Source data:
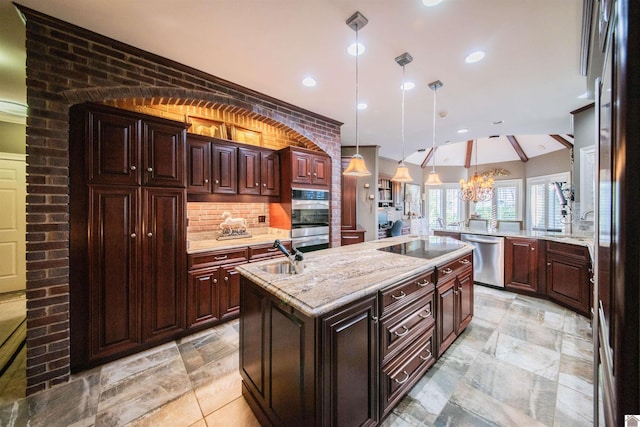 kitchen featuring sink, stainless steel appliances, hanging light fixtures, brick wall, and a kitchen island with sink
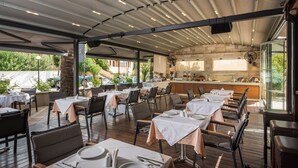 An outdoor dining area with tables and chairs, a stone wall, and a kitchen in the background. - Elotis Suites (Chania)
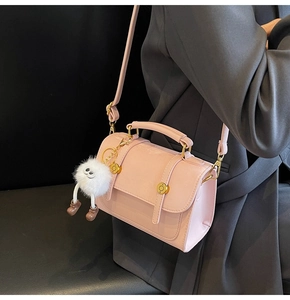 Detail shot of a pink PU leather handbag with a cute white plush monster charm
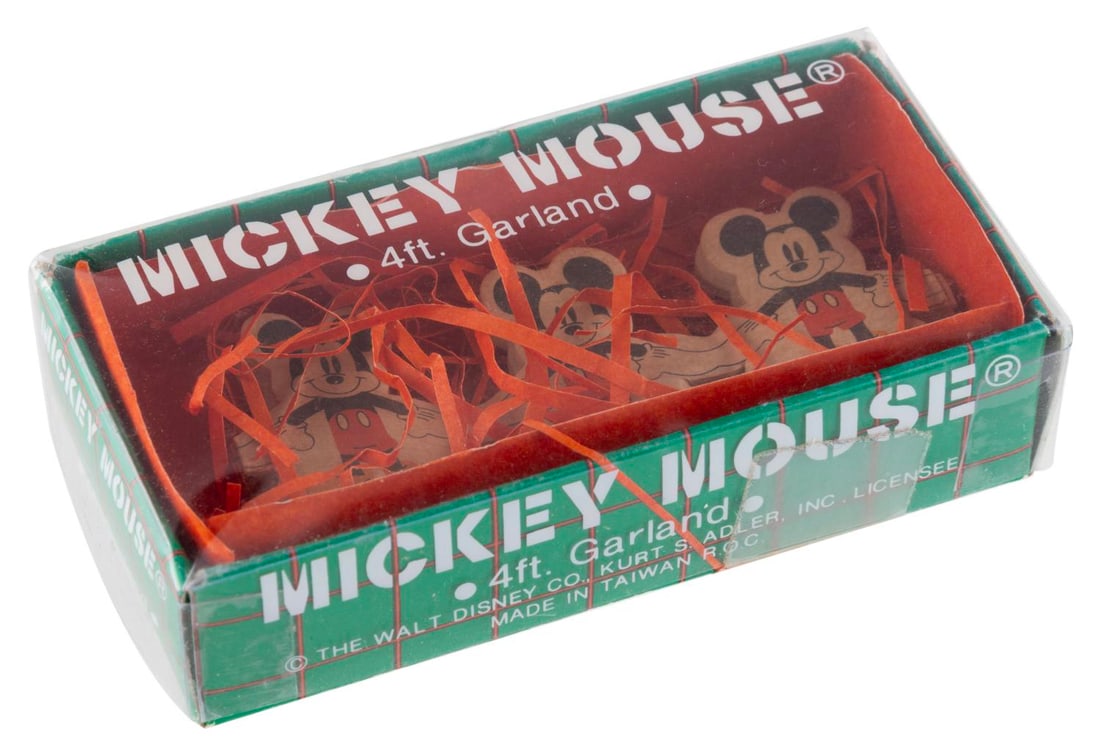 A Mickey Mouse Garland in the Original Box.: (Kurt S. Adler, Inc., 1990s) A paper garland of Mickey Mouse, produced by Kurt S. Adler, Inc. The die-cut garland is unused and comes in its original box. Measuring 4? long in its 1.75" x 3.5" and 1"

Activity: Exactly as they appear, print the lines of the listing above from its first line through the line that contains "Detail shot of", minus the pictures.

Response area:
 kitchen featuring sink, stainless steel appliances, hanging light fixtures, brick wall, and a kitchen island with sink
 An outdoor dining area with tables and chairs, a stone wall, and a kitchen in the background. - Elotis Suites (Chania)
 Detail shot of a pink PU leather handbag with a cute white plush monster charm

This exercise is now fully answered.